Your reply should consist only of the lines from the one with "This is a 2004" through the end of the entries, transcribed exactly. Pictures stay out.

» Dataset entries:
_ _ _

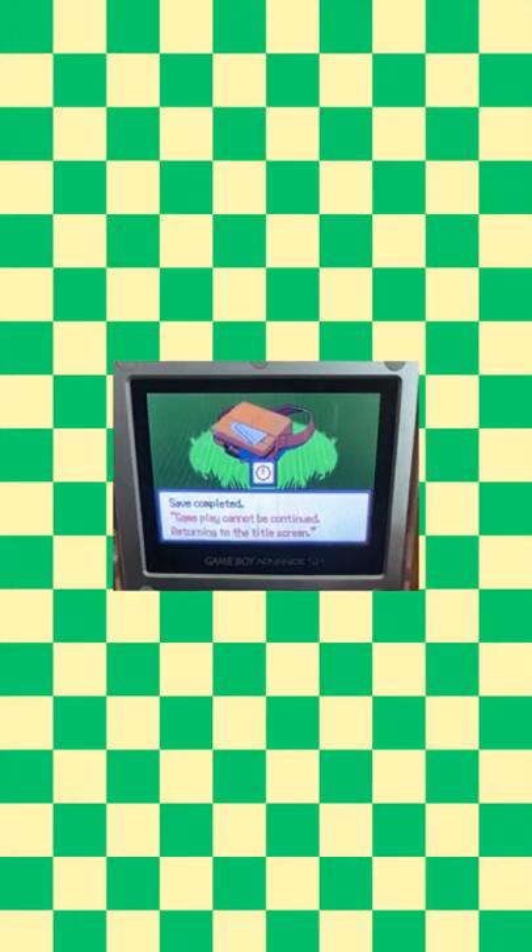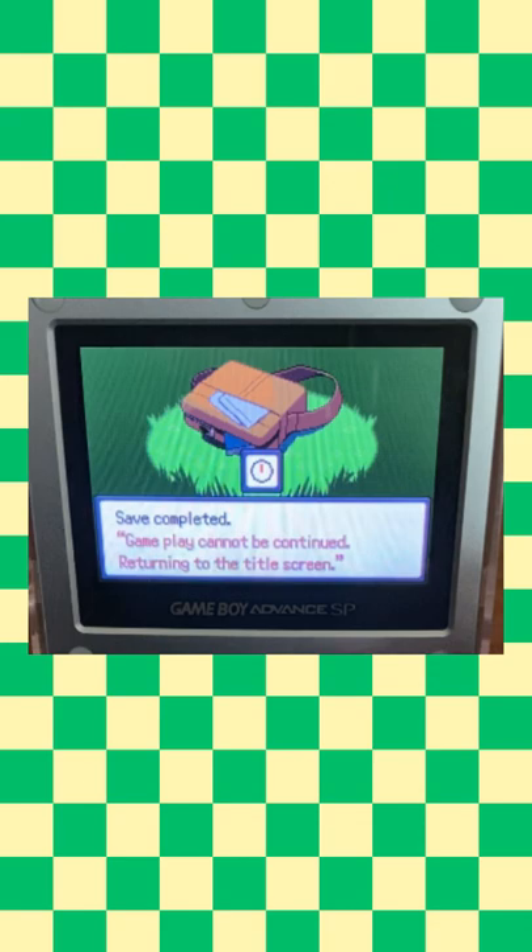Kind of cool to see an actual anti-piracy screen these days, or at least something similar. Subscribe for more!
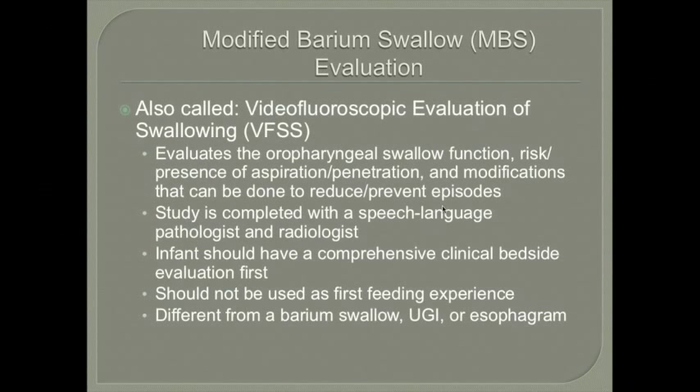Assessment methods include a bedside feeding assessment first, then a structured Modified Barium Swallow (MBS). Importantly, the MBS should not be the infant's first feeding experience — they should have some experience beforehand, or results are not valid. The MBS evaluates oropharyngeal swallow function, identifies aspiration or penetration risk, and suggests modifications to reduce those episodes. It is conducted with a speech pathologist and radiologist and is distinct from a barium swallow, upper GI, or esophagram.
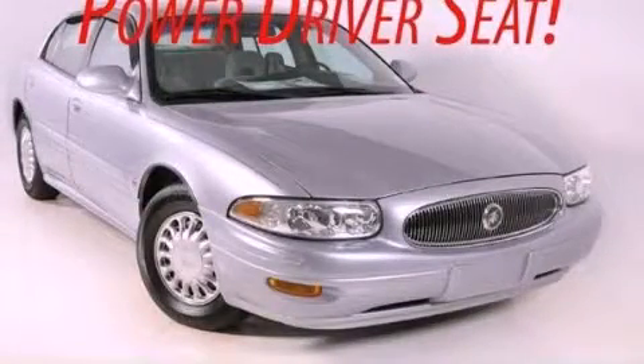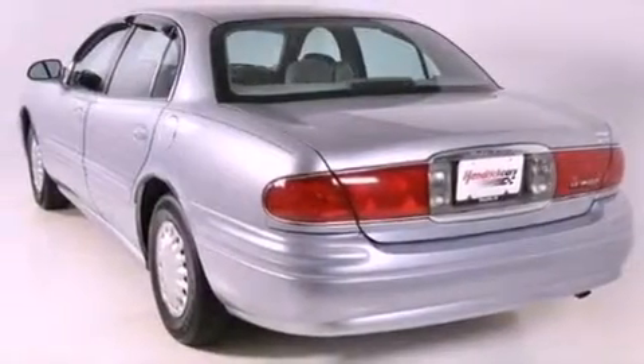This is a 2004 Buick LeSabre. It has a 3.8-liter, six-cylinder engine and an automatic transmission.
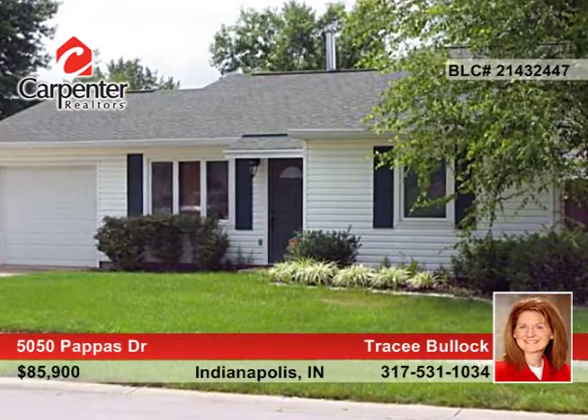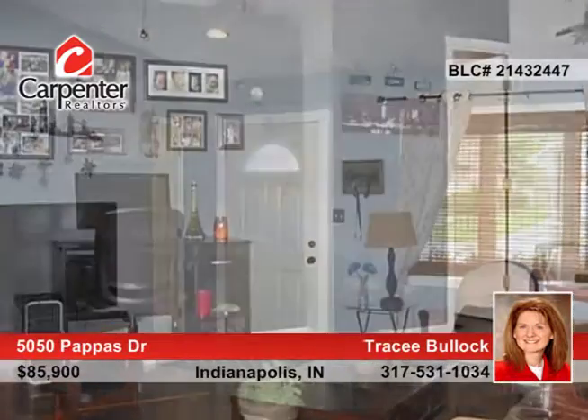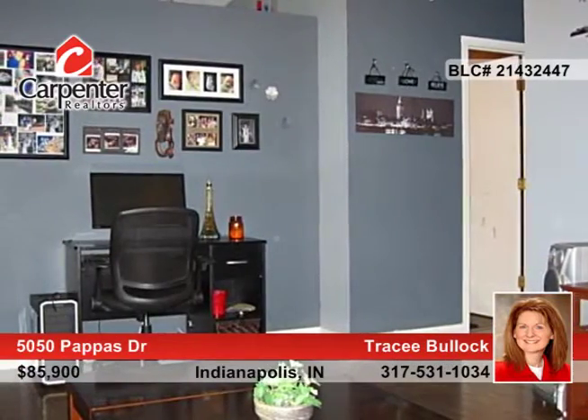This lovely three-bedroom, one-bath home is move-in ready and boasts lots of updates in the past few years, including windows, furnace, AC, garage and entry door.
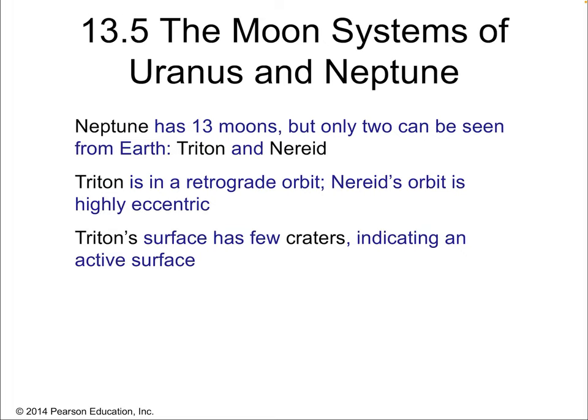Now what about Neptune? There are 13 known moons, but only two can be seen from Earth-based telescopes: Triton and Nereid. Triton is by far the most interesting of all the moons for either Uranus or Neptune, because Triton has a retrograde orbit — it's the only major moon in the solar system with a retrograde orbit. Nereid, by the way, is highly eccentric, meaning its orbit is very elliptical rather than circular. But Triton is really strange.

_ _ _

» Final answer:
This is a 2004 Buick LeSabre. It has a 3.8-liter, six-cylinder engine and an automatic transmission.
This lovely three-bedroom, one-bath home is move-in ready and boasts lots of updates in the past few years, including windows, furnace, AC, garage and entry door.
Now what about Neptune? There are 13 known moons, but only two can be seen from Earth-based telescopes: Triton and Nereid. Triton is by far the most interesting of all the moons for either Uranus or Neptune, because Triton has a retrograde orbit — it's the only major moon in the solar system with a retrograde orbit. Nereid, by the way, is highly eccentric, meaning its orbit is very elliptical rather than circular. But Triton is really strange.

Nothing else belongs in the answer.